I understand that they get aggressive, but I feel responsible for these fish since I did buy them, and if at all possible, I do want to find a tank to meet their needs. I won't have a lot of disposable income for the next month, but after that I should be able to get a 50-75 gallon tank no problem.


----------



## big b (Jun 28, 2014)

well good but remember you have to cycle the tank. yep i bought one of these fish and it killed my whole tank and i did not let it live in there i put his butt in a pond just threw him in there and now hes actually bigger than 12 inch he is 15 inches.


----------



## big b (Jun 28, 2014)

you know what, i do wonder how can you buy a stand for it and the tank and the filter with ease, in your words you said no problem. so how do you get that much money like what kind of job do you have cuz you must be rich.


----------



## susankat (Nov 15, 2008)

If you asked me that question I would say none of your business. He probably works hard at a job.


----------



## coralbandit (Jul 29, 2012)

First you need to be sure they are CAE and not SAE(since you thought they were otos I don't think this is far stretch).The SAE(siamese Algae eater) has the stripe all the way through the tail,while the CAE stripe stops before tail.The SAE will also have "whisker"/barbels,being a member of the carp family.
If your fish are SAE then count them as a score and you should be fine(all fish would like a larger tank).
If they are actually CAE then you should just consider returning them to the LFS(even fo free) or trying to trade for something else(keep trying for otos).The CAE do stop eating algae as the yage ,become aggressive(not always towards each other only),and do get large.
I admire you wanting to right by your purchase,but there is a middle ground to buying a large tank and killing them.Trade them or offer them to anyone who knows how and will properly keep them.
http://www.aquariumforum.com/f4/cae-sae-pics-7361.html
This is an old thread on ID of SAE/CAE.


----------



## big b (Jun 28, 2014)

susankat said:


> If you asked me that question I would say none of your business. He probably works hard at a job.
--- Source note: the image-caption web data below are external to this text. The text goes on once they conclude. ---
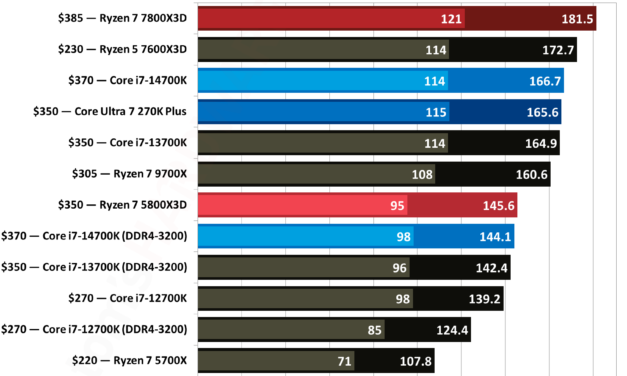 AMD Ryzen 7 5800X3D vs Intel Core i7-14700K faceoff — A new battle for DDR4 supremacy in 2026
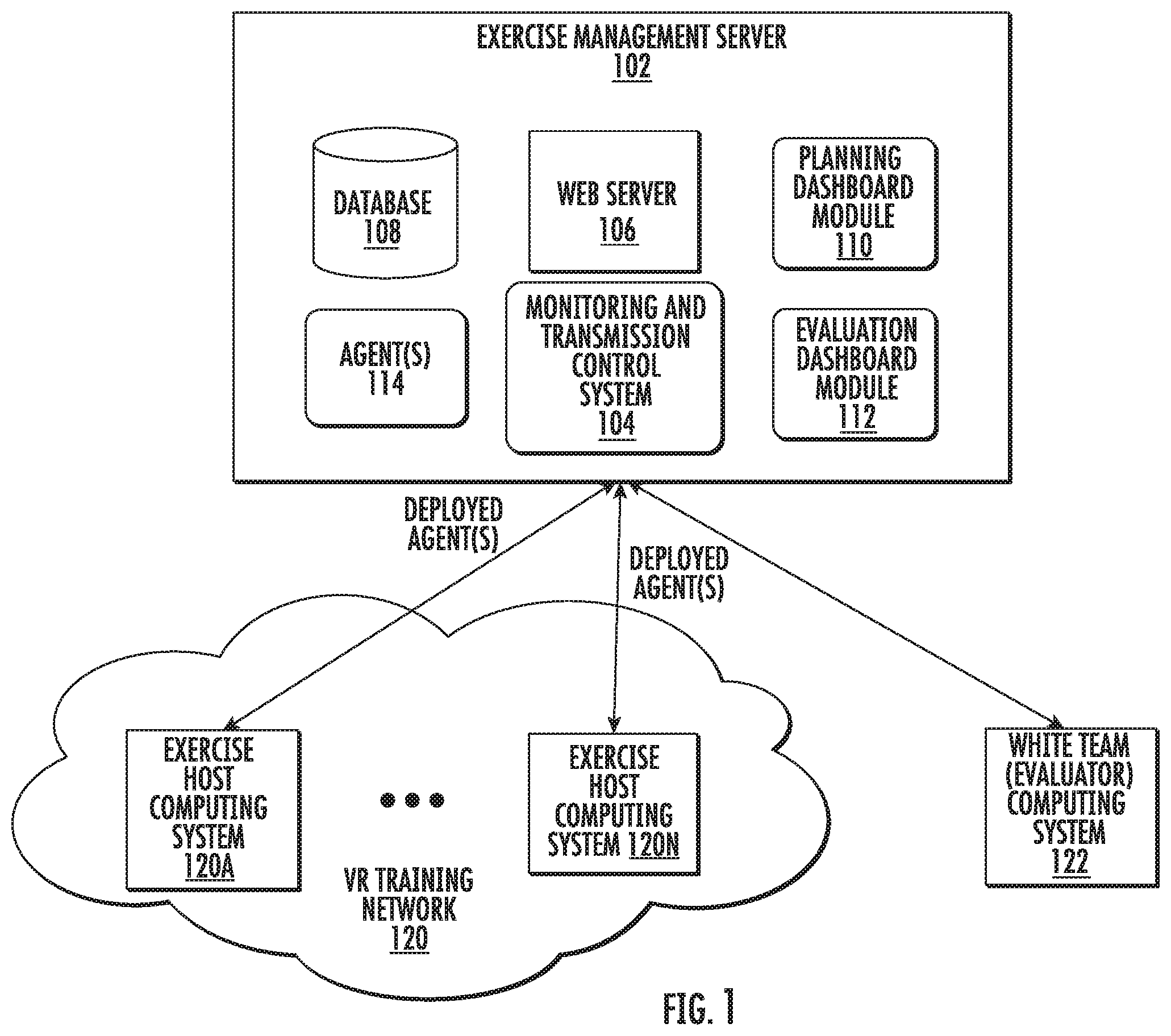 Patent US12597362 — Networked virtual reality training systems and methods — Figure 1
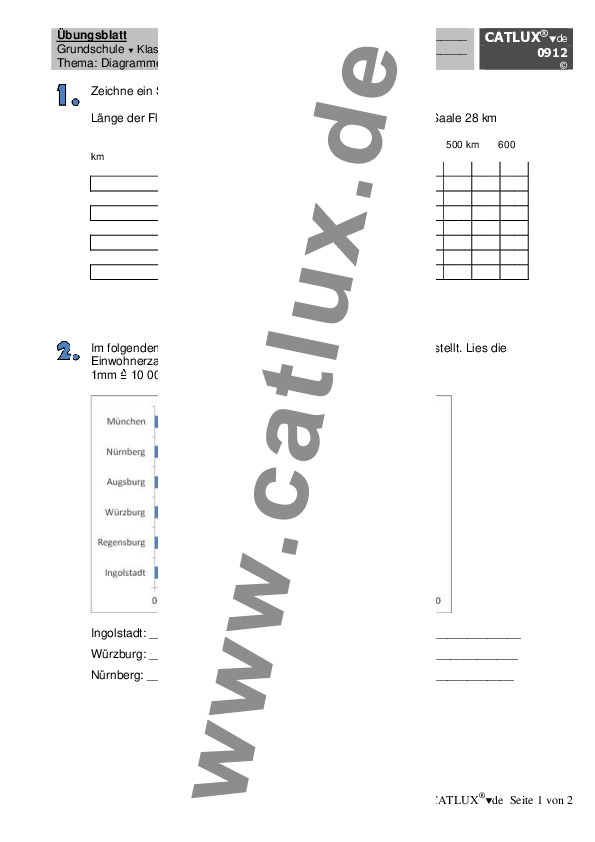 Lernzielkontrollen Proben Mathematik Klasse 4 Grundschule Diagramme Schaubilder Catlux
no, no that was a complement cuz that is a high paying job and i am impressed that they even have those kind of jobs available.


----------



## Axilleus (Aug 1, 2014)

It looks like the stripe does stop before the tail, and I can't see any barbels. That said I think it would be an interesting challenge to keep these fish, I'm just having a hard time finding resources on how to do it. Does anyone have any information on their specific needs?


----------



## big b (Jun 28, 2014)

well if you wanna be extra sure just find some people selling sae but if it does not say real sae then do not trust it then compare them together.


----------



## coralbandit (Jul 29, 2012)

Strong current and moderatley warm/clean water.It will eat algae while young but will become accustomed to whatever you are feeding the tank out of convienence(laziness).This link has good info;
Chinese Algae Eater, Sucking Loach, Gyrinocheilus aymonieri
It mentions fish that stay in upper part of tank to be good companions which makes sense.


----------



## big b (Jun 28, 2014)

actually that is not true they might kill the tank mates at night when they are sleeping


----------